[Captioned web images]
###
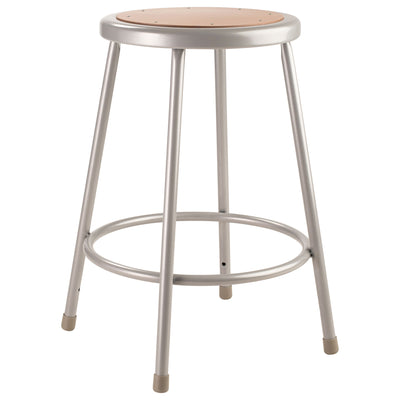 National Public Seating 6200 Series 24" Steel Stool Supports 500 Lbs, Gray - VMInnovations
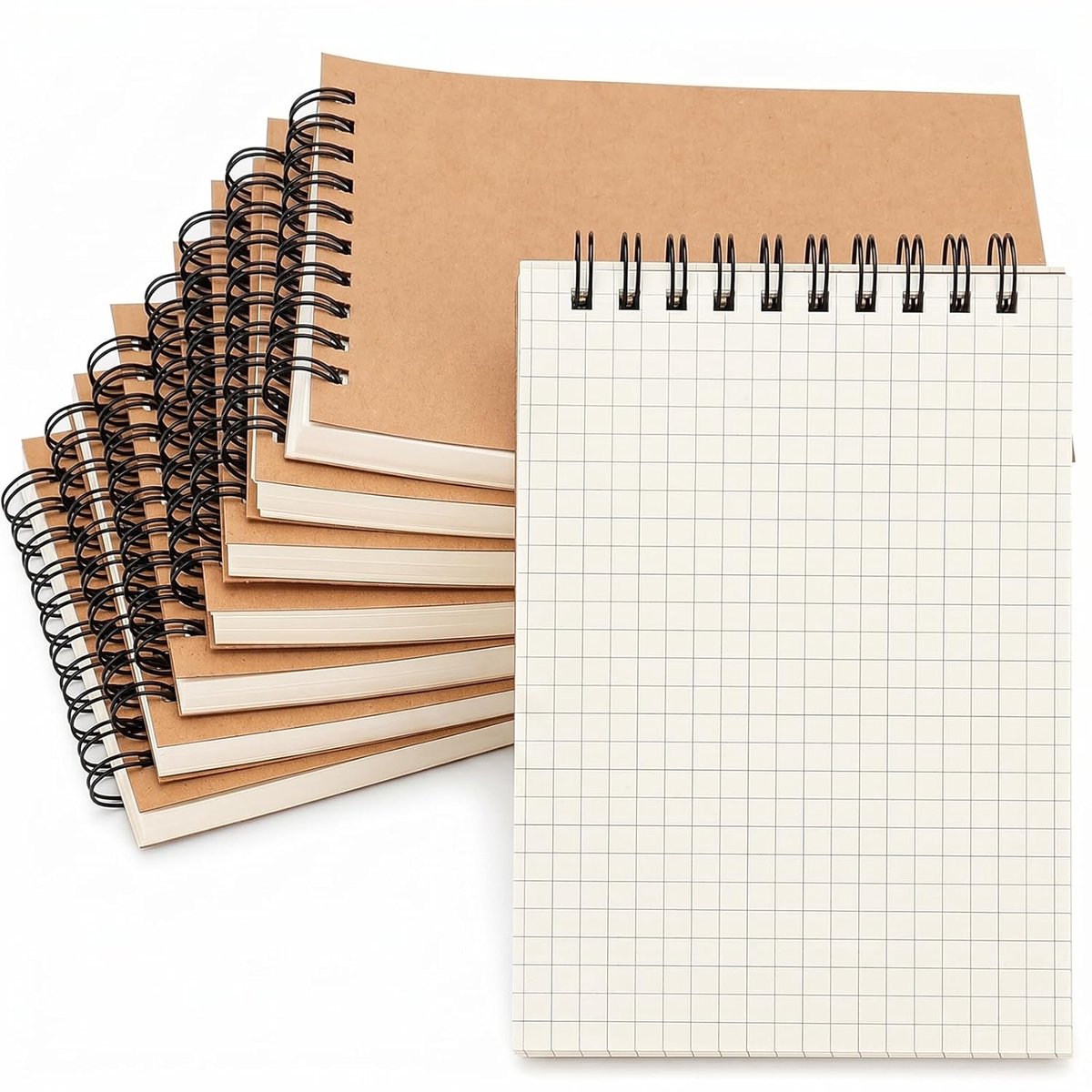 Notitieblok A6 geruit, 8 stuks kleine spiraalblokken, 80 vellen per blok, geruit papier notitieboek afscheurbaar voor school kantoor kinderen cadeau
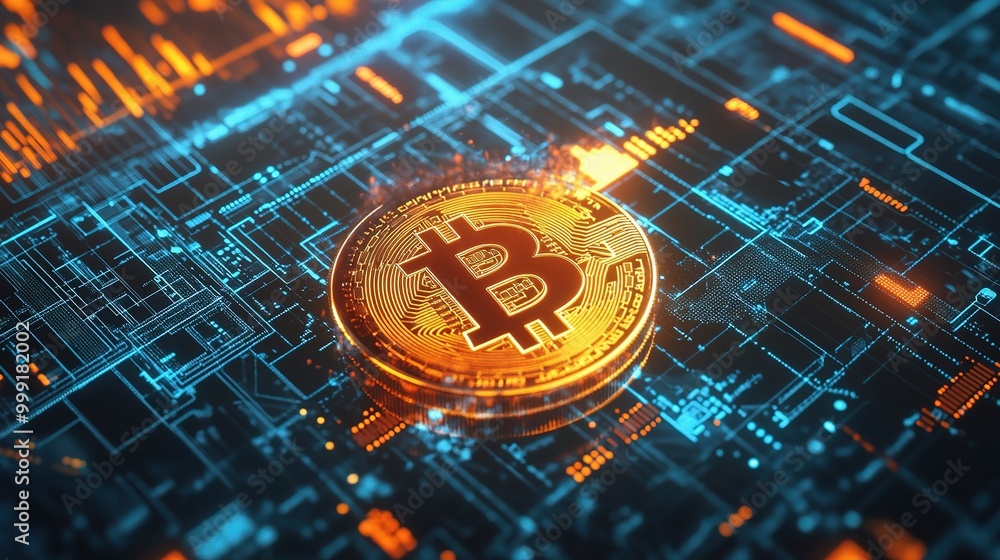 Poster glowing bitcoin coin on digital circuit background
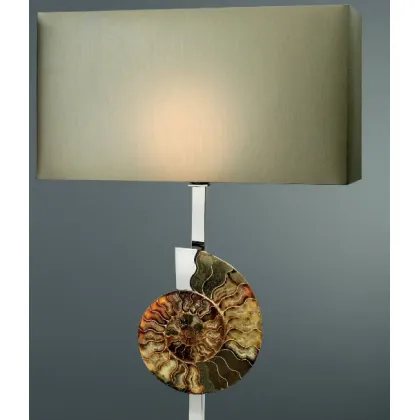 Zdjęcie Zjawiskowa lampa stołowa z mosiądzu niklowanego i amonitów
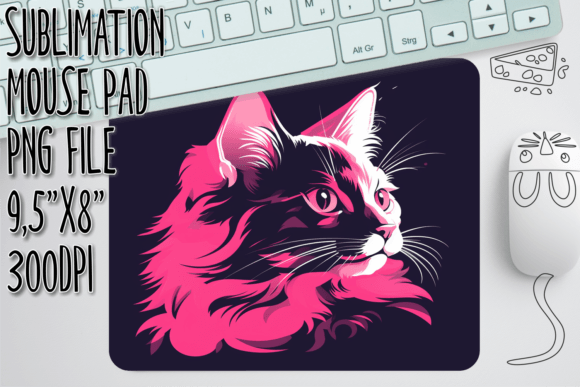 Colorful Cat Collage Mouse Pad Design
###
** TASK ITEM **
Quote only the lines that start at the line holding "Notitieblok A6 geruit, 8" and end at the last line of the entries, including both of those lines, and omit every picture.

** ANSWER BOX **
 Notitieblok A6 geruit, 8 stuks kleine spiraalblokken, 80 vellen per blok, geruit papier notitieboek afscheurbaar voor school kantoor kinderen cadeau
 Poster glowing bitcoin coin on digital circuit background
 Zdjęcie Zjawiskowa lampa stołowa z mosiądzu niklowanego i amonitów
 Colorful Cat Collage Mouse Pad Design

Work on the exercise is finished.